On January 22, 2018, several media outlets reported that they had obtained a copy of the White House’s anticipated infrastructure plan. Although the administration has not yet verified the document, reliable press sources vouch for its validity as a draft of the plan that the administration says it will release publicly late in January. The draft provides a preview of the substance and policy principles that will likely be included in the final infrastructure plan.
The document identifies several new infrastructure funding programs that would collectively account for an as-yet unquantified appropriation, for which airports, passenger rail and transit, highways, water, and other infrastructure facilities would be eligible – subject to meeting new policy based funding requirements.
Half of the proposed appropriation would be dedicated to an Infrastructure Incentives Initiative, which would provide federal funding for up to 20 percent of the costs of projects that encourage significant non-federal investment and commitment of private revenue. The Infrastructure Incentives Initiative would promote competition for additional federal funding by encouraging project sponsors to raise new sources of revenue at the state, local or project level.
A quarter of the appropriation would be designated for a Rural Infrastructure Program, comprising both formula grants to and the states and additional performance-based grants. The remaining quarter would be split between several programs, including a Department of Commerce-run Transformative Projects Program, increased investment from various federal credit programs (including expansion of the popular U.S. DOT TIFIA and RRIF programs, WIFIA and a USDA Rural Utilities Lending Program), and a Federal Capital Financing Fund. The document also proposes several reforms to expand the use of private activity bonds (PABs) for infrastructure projects, including removing existing programmatic caps, increasing flexibility and adjusting rules that might increase PABs pricing competitiveness.

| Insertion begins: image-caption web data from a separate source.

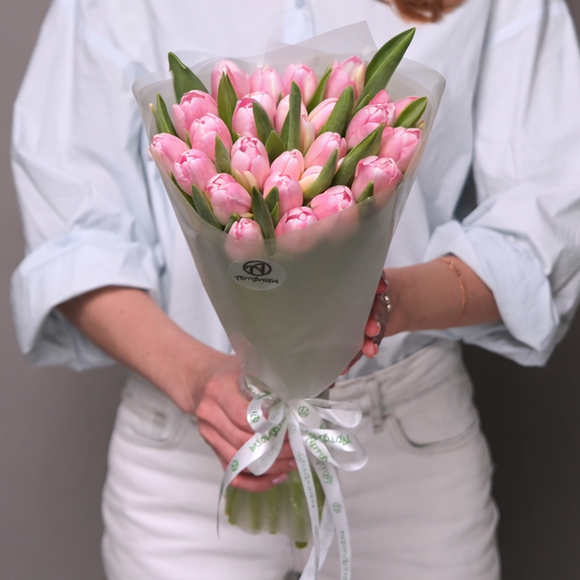 Букет из 25 розовых тюльпанов (Голландия) в корейской матовой упаковке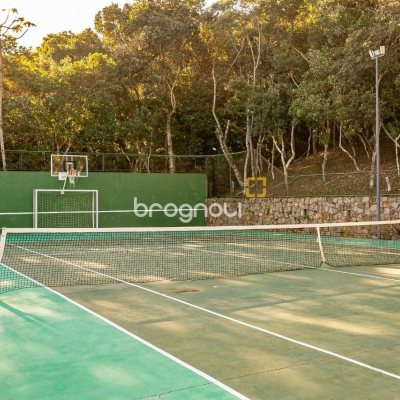 Terreno com 761m², no bairro Cacupe em Florianópolis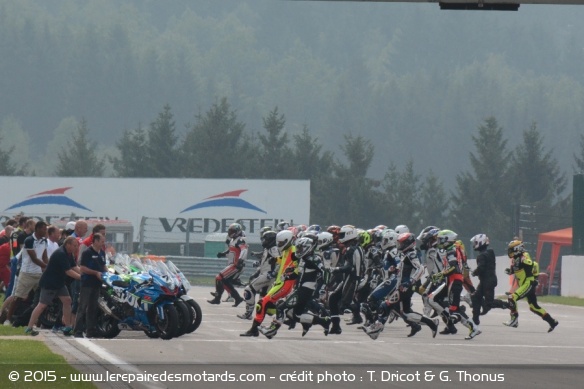 Le départ des 6 Heures Motos de Spa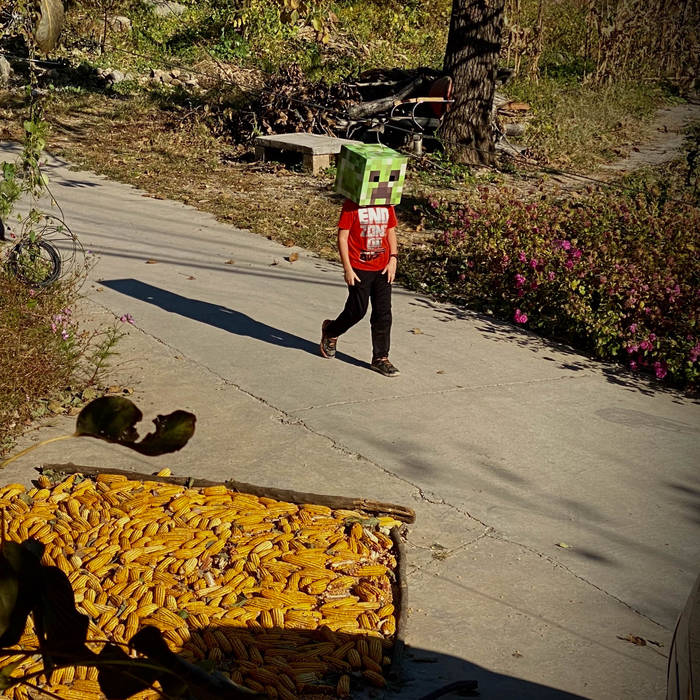 In The Gloaming
von Lothar Ohlmeier / Isambard Khroustaliov / Rudi Fischerlehner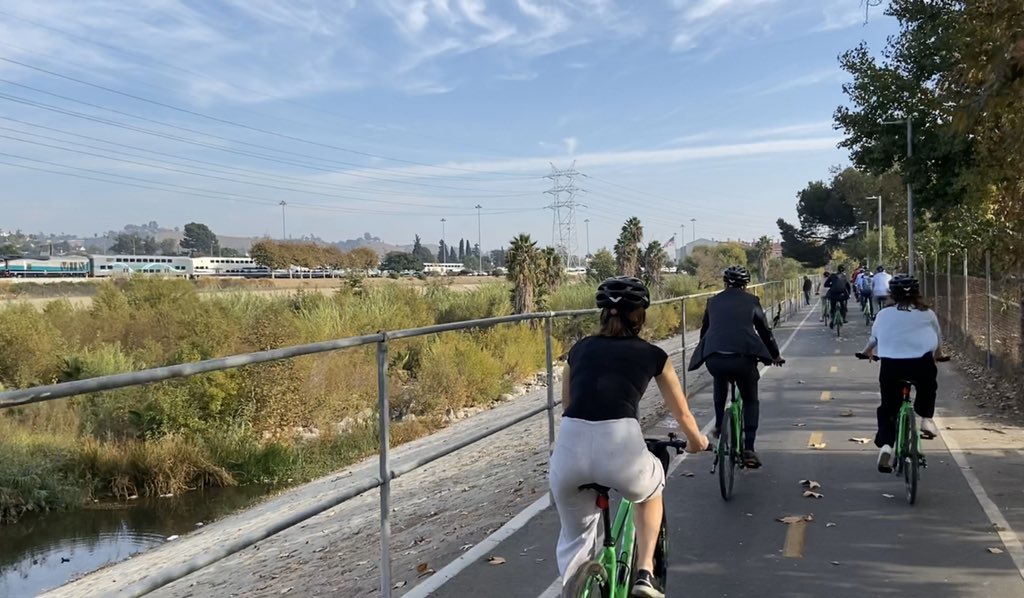 NLinSF's tweet photo. #NLinLA🚲 https://t.co/rWl9dVMRcu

The document notably concludes with a broad list of “principles for infrastructure improvements,” organized by infrastructure sector and mode, which largely focus on streamlining the federal oversight role and providing project sponsors with greater flexibility, with a clear emphasis on increasing private investment in public projects. Among the principles listed are additional authority to toll on interstate highways, higher project cost thresholds to trigger federal major project requirements, requiring value capture financing in federally funded transit projects, enabling more efficient FAA oversight of non-aviation airport activities, and revisiting many requirements of the WIFIA program to encourage lending. To the extent the document it is an accurate reflection of current White House expectations, these principles may provide a useful reference for the parameters of future legislative negotiations over the proposed programmatic elements summarized above.
Kaplan Kirsch & Rockwell continues to closely monitor the White House roll out of its infrastructure plan. While we regard this draft with some circumspection (as one should with all leaked administration documents), its content is worthy of review given that it may be an early indication of the Administration’s forthcoming priorities.